Objective: To explore the
risk factors affecting central
lymph node metastasis in cN0 isthmus
papillary thyroid carcinoma and the significance and feasibility of preventive
dissection , so as to provide reference for clinical
treatment .
Methods: The clinical data of 108
patients with cN0 stage isthmus
papillary thyroid cancer who underwent
surgery in the
General Surgery Department of Lianyungang Oriental
Hospital from January 2014 to December 2021 were retrospectively analyzed. There were 32
males and 76
females , with an age range of 24 to 70 years, with a mean age of (46.0±12.7) years.
Statistical analysis was performed using the SPSS 22.0 statistical
software .
Chi-square test and
logistic regression were used to analyze the relationship between central
lymph node metastasis and
patients Relationship between clinical case factors.Explore the feasibility of preventive cleaning.

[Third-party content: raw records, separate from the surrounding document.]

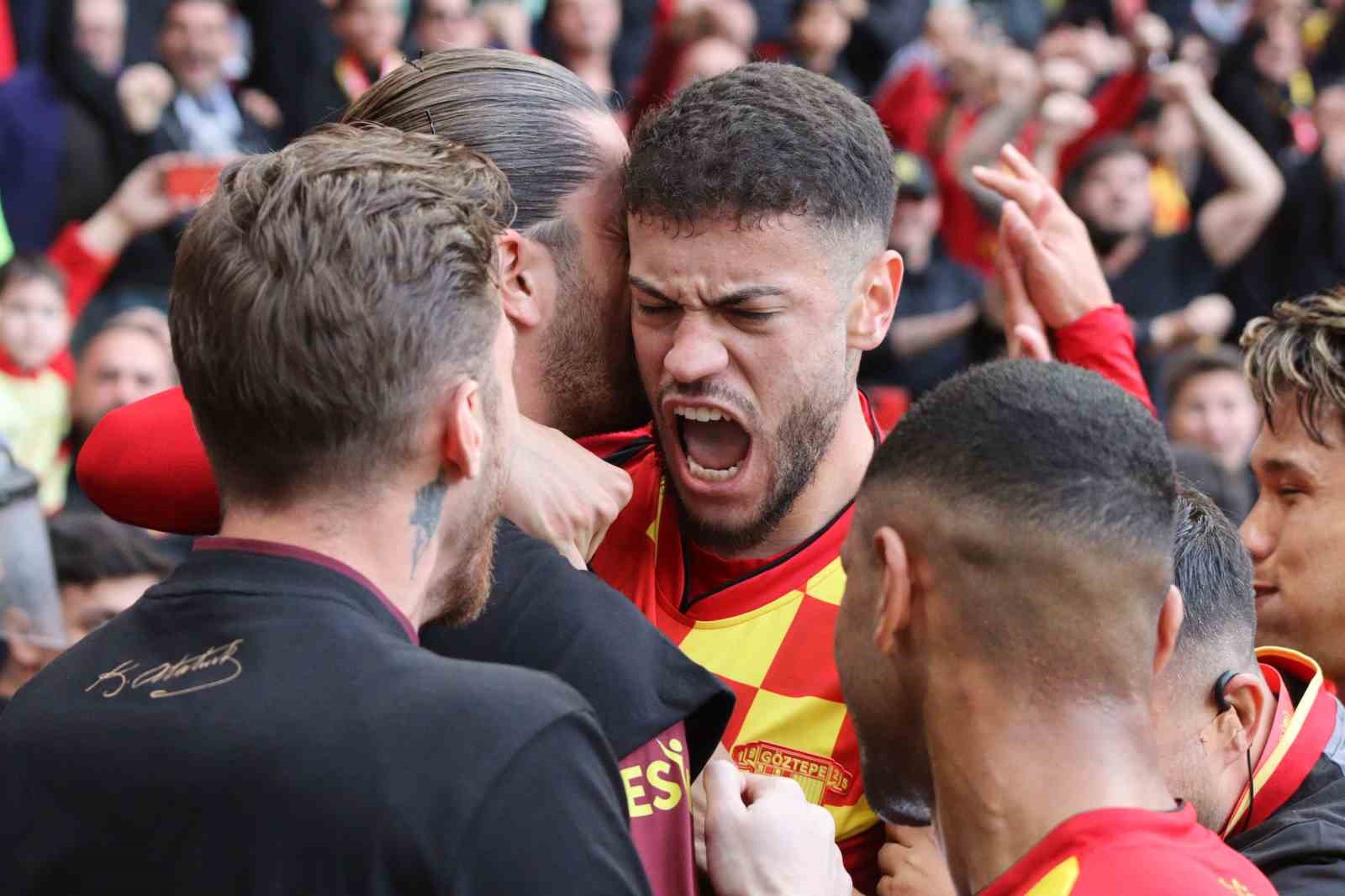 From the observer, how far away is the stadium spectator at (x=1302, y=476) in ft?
10.0

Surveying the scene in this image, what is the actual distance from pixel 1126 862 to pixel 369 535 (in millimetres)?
876

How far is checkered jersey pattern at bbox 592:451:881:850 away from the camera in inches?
98.0

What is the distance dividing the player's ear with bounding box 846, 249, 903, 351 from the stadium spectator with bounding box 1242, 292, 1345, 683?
0.82m

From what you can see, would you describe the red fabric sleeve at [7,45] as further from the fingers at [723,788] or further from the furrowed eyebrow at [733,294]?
→ the fingers at [723,788]

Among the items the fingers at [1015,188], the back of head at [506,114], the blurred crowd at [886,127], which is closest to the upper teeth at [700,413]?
the back of head at [506,114]

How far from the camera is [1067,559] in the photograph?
6.07 feet

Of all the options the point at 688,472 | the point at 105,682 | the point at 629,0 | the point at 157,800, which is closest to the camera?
the point at 157,800

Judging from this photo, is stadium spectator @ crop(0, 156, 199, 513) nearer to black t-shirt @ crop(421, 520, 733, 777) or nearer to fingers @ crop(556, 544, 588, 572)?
fingers @ crop(556, 544, 588, 572)

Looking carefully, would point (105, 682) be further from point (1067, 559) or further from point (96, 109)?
point (96, 109)

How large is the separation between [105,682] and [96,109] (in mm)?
6088

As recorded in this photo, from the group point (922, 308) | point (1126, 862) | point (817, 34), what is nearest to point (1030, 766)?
point (1126, 862)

Results: The positive rate of
lymph node metastasis in central region of isthmic
papillary thyroid carcinoma was 37.9% (41/108). Univariate
analysis showed that central
lymph node metastasis was associated with
tumor diameter ( χ2=5.36, P=0.021), capsular infiltration ( χ2=7.69, P=0.006), and elevated
thyroglobulin ( χ2=7.73, P=0.005).
Multivariate analysis showed that capsular infiltration ( HR=2.75, P=0.037) and
tumor diameter ( HR=4.454, P=0.004) were independent
risk factors for central
lymph node metastasis . The
ROC curve of
tumor diameter to predict central
lymph node metastasis was drawn, and the
AUC value of the area under the curve was calculated to be 0.720. When the diameter was 0.695 cm, the Youden index was 0.326, the
sensitivity was 0.878, and the
specificity was 0.448. 6 cases (5.56%) had temporary
recurrent laryngeal nerve palsy , 13 cases (12.04%) had temporary
hypoparathyroidism , no permanent
complications occurred.
Conclusions: cN0 stage PTCI has the
risk of early occult
lymph node metastasis . Prophylactic CLND can clarify the stage of the
tumor , assess the
risk , and guide the follow-up
treatment of
patients . CLND should be routinely performed for
patients with
tumor diameter >0.695 cm and capsular invasion.